Bad loan, high inflation inflate interest rates

Wide interest spread raises cost of credit, curbs investment and economic growth, says study

| Updated: December 26, 2017 11:18:49

Picture used only for representation. Picture used only for representation.

Bad loans and high inflation jacked up bank-interest rates persistently until recently, thus inflating cost of credit and deflating investment and economic growth.

A researcher placed such findings in a concluding-day session of the Bangladesh Economic Association (BEA) that shed light on the latest state of Bangladesh's economy, predominantly on banking and finance, growth, employment and morality of management.

The research paper says lending rates and interest-rate spreads remained much higher in Bangladesh than in any advanced nations, indicating that there remains a scope for cuts.

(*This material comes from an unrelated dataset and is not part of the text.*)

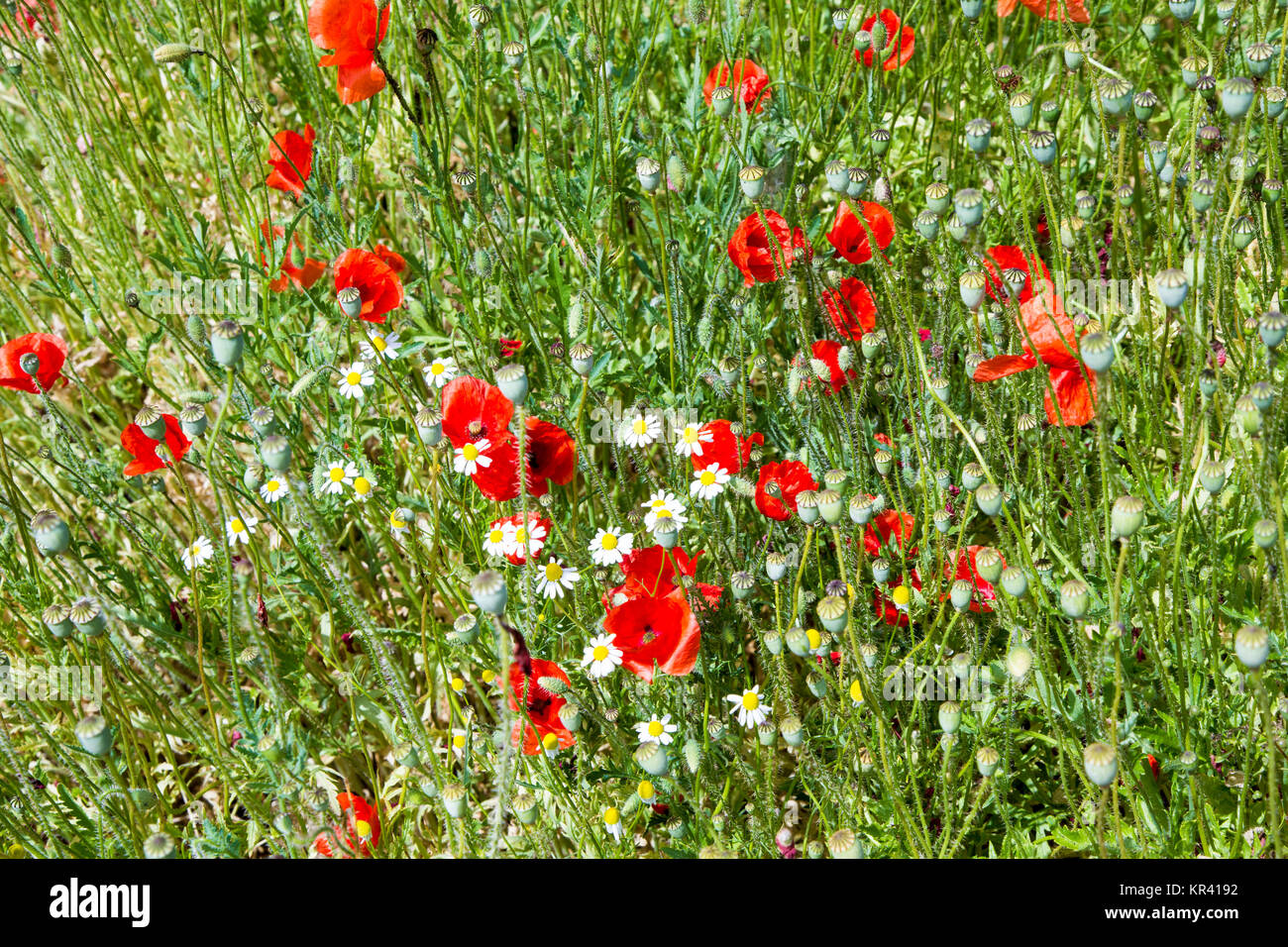 red poppy flowers meadow Stock Photo - Alamy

The researcher, Khan A Matin, formerly professor at the Institute of Statistical Research and Training of the University of Dhaka, used panel data 2010 to 2015 of 47 commercial banks to draw the conclusions.

In the meantime, the average interest spread as of last June stood less than 5.0 per cent while the lending rates around 10 per cent.

The lending rates usually remain lower for the agriculture sector and SMEs and higher for consumer loans and industrial financing.

Painting such a picture of the banking world in the report, styled, interest- rate spread in the banking sector of Bangladesh, the author also listed the reasons.

He said the cross-country analysis suggests that the main drivers of lending rates and interest spreads in the country are inflation, nonperforming loans, and low recovery ratios for bad loans.

He noted that interest-rate spread is considered an important determinant of the efficiency of the financial system as large spread works as an impediment to expansion and development of the financial intermediation.

"It has often been argued that higher the spread, the higher would be the cost of credit to the borrowers for any given deposit rate."

He said a wider spread means unusually lower deposit rates, discoursing savings and limiting resources available to finance bank credits.

The professor of statistical research said a high interest-rate spread raises the cost of credit, restricting the access of potential borrows to credit market and thus reducing investments and limiting growth potential of the economy.

He suggested a reduction in inflation on sustained basis through prudent monetary and fiscal policies.

"Strengthen bank governance, particularly in the state-owned banks, to help improve asset quality," the research report reads.

As one of the ways out of such adverse cycle in banking, it stressed the need for improvement in contract enforceability and judicial proceedings for loan collection, foreclosures and the recovery of collateral.

"Minimise or eliminate the practice of forced subscription to treasury bills and bonds, replacing it with a fully-functioning auction-based approach," he further said about the dos on part of the bankers and financial policymakers.

Dr Toufic Ahmad Choudhury, director-general of the Bangladesh Institute of Bank Management (BIBM), moderated the session where other papers on the problems and solutions on the economic front were also placed.

The papers were on 'due diligence in Bangladesh monetary and credit programmes: path derivation' and 'does private-sector credit gear up private investment in Bangladesh?'

Professor of Dhaka School of Economics Dr Muhammad Mahbub Ali presented a paper on the testing hypothesis on theory of social networking, community banking and empowerment of people: a conceptual view.

Partha Sarathee Ghosh, a banker at UCBL, presented a paper on corporate social responsibility: contextual considerations.

Later, a number of members of the BEA joined an open question session where they deplored the present state of the country's financial sector, especially the banking sector.